(Beginning of INFORMATION PROVIDED)

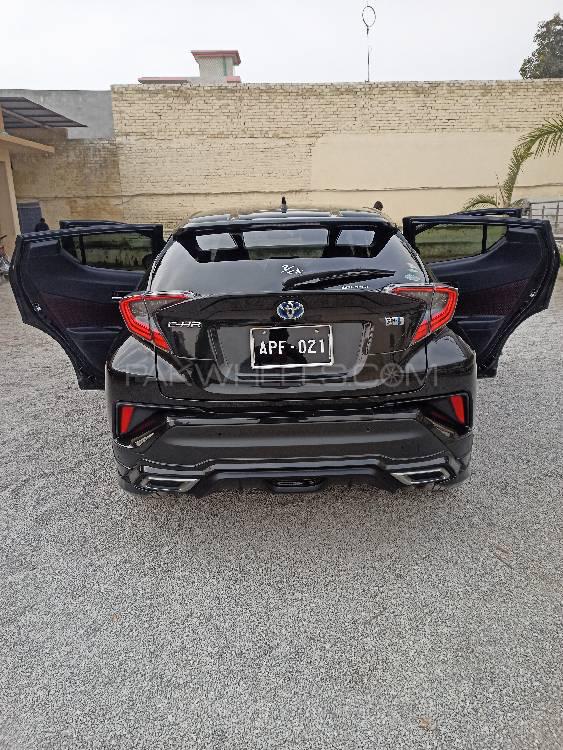 Toyota C-HR 2017 for Sale in Islamabad Toyota C-HR 2017 for Sale in Islamabad Image-5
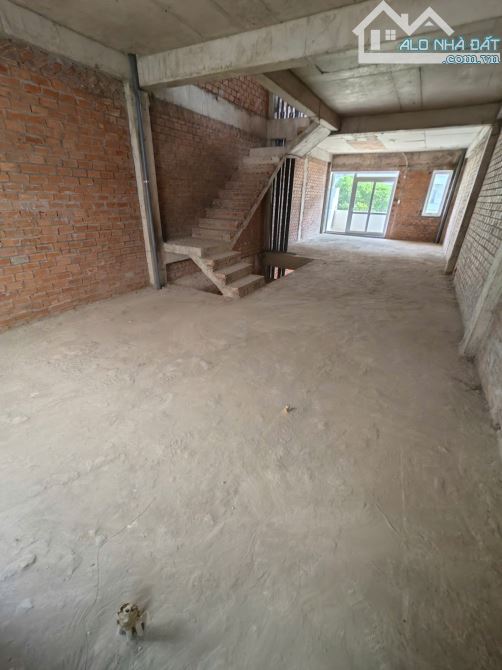 SHOPHOUSE THÔ 1 TRỆT 3 LẦU KDC VĂN HOA VILLAS - 5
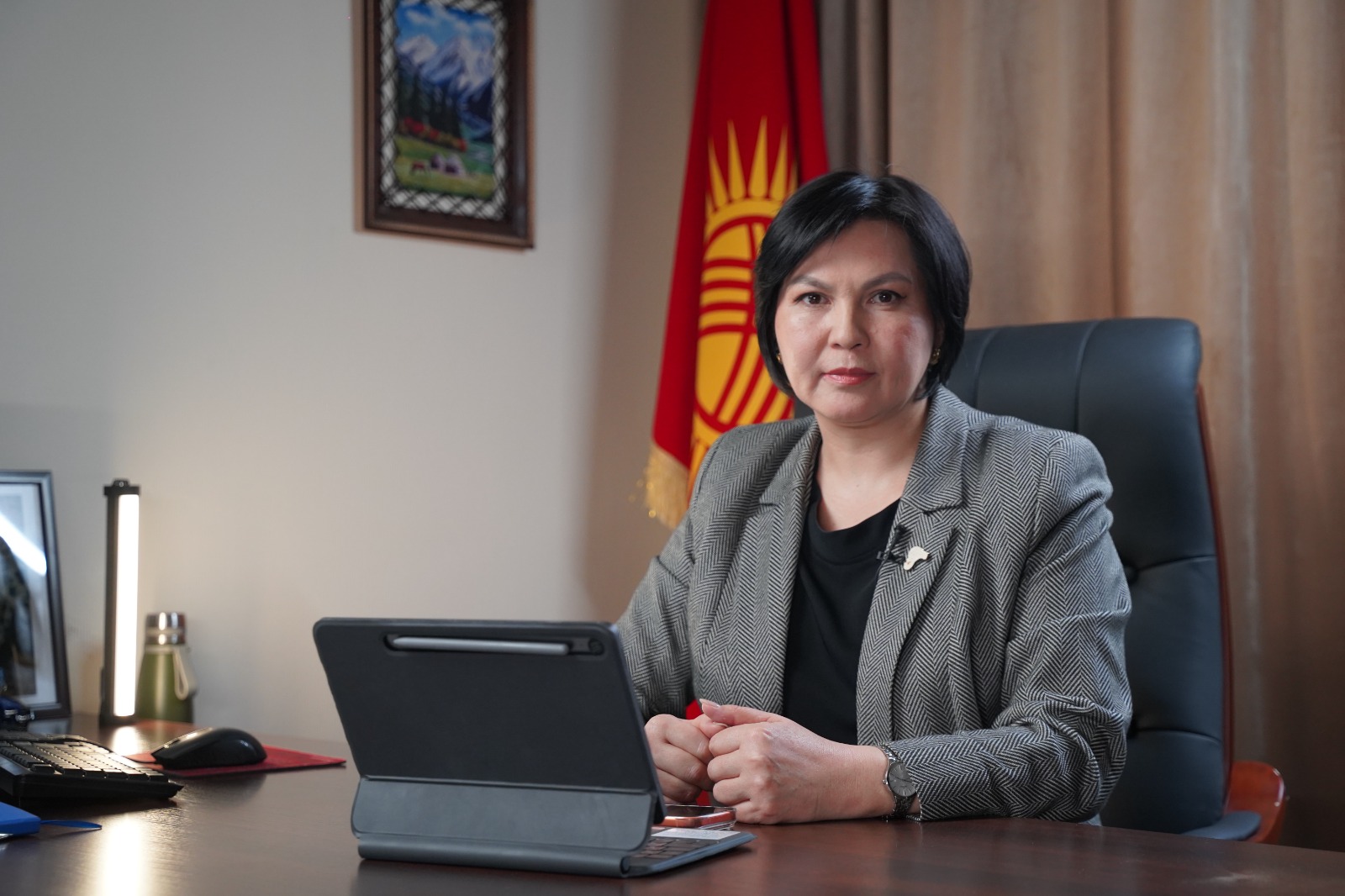 Кыргыз Республикасынын жаратылыш ресурстары, экология жана техникалык көзөмөл министринин орун басары Раимкулова Асель Кадыржановна «Ноомад ТВ» телеканалынын түз эфирине катышып, экологияга байланыштуу актуалдуу суроолорго жооп берди.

(End of INFORMATION PROVIDED)

» WHAT IS NEEDED
The answer is to be the lines of the listing from the first through the one with "SHOPHOUSE THÔ 1", reproduced exactly, without any pictures.

» TASK SOLUTION
 Toyota C-HR 2017 for Sale in Islamabad Toyota C-HR 2017 for Sale in Islamabad Image-5
 SHOPHOUSE THÔ 1 TRỆT 3 LẦU KDC VĂN HOA VILLAS - 5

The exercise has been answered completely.